Comprehensive treatment of PsA, including its variegated clinical domains, is a challenge either because a treatment may not have initial adequate efficacy, may lose efficacy over time or it may have to be dose-modified or discontinued because of tolerability or safety issues,
Philip Mease, MD, from the University of Washington, Seattle, commented to MedPage Today. In general, the data for switching treatments in psoriasis and PsA have been "scant," he said, "and mainly derived from longitudinal registry studies and not controlled trials."
In agreement is Amar R. Oza, MD, from Harvard Medical School, Boston. "Without an abundance of clinical trial data, most of the evidence regarding switching TNF alpha inhibitors involves observational studies and registries," he indicated in an e-mail exchange. "The authors carefully lay out the efficacy, safety and physician/patient preference considerations that go into switching bDMARDs and show that the dogmatic approach of trying a second TNF alpha inhibitor when the first has failed may not persist as alternative biologics become available."
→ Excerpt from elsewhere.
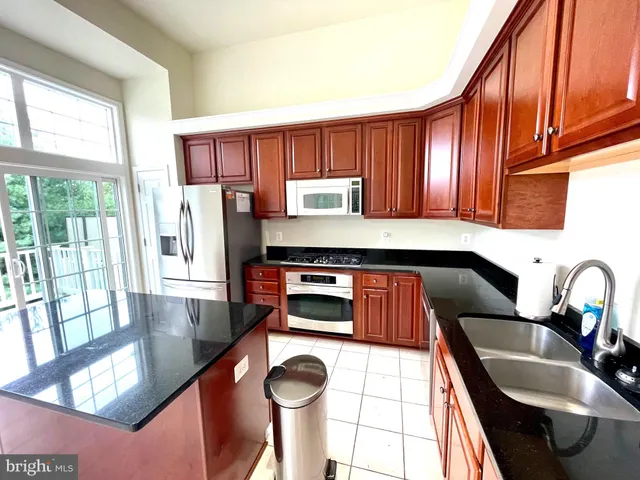 $3,295 | 14579 Crossfield Way, Woodbridge, VA 22191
Observations from rheumatoid arthritis demonstrate that treatment efficacy post-switch tends to be blunted, due to factors ranging from immunogenicity, altered immune response, tolerability, to "we don't know why," Mease said. This blunting of effect tends to occur whether the switch is to another agent in the class or to an agent with a different mechanism of action, such as switching from a TNFi to an interleukin (IL)-17 or an IL12-23 inhibitor.
"This is important for us to know so that we can set appropriate expectations with our patients," he said. "Loss of effectiveness due to immunogenicity is an important issue and we are still learning about how to better assess this and control this, for example with use of modest doses of background methotrexate. Degree of immunogenicity appears to vary between various biologics, so this may play a role in choice of either first or subsequent therapies." Immunogenicity will not plague newer targeted synthetic DMARDs, such as apremilast or tofacitinib.
"One point not covered, which will soon affect many of us in North America and already is affecting clinicians and patients in other parts of the world, is the issue of biosimilar institution," not for loss of efficacy but for cost reasons, Mease noted.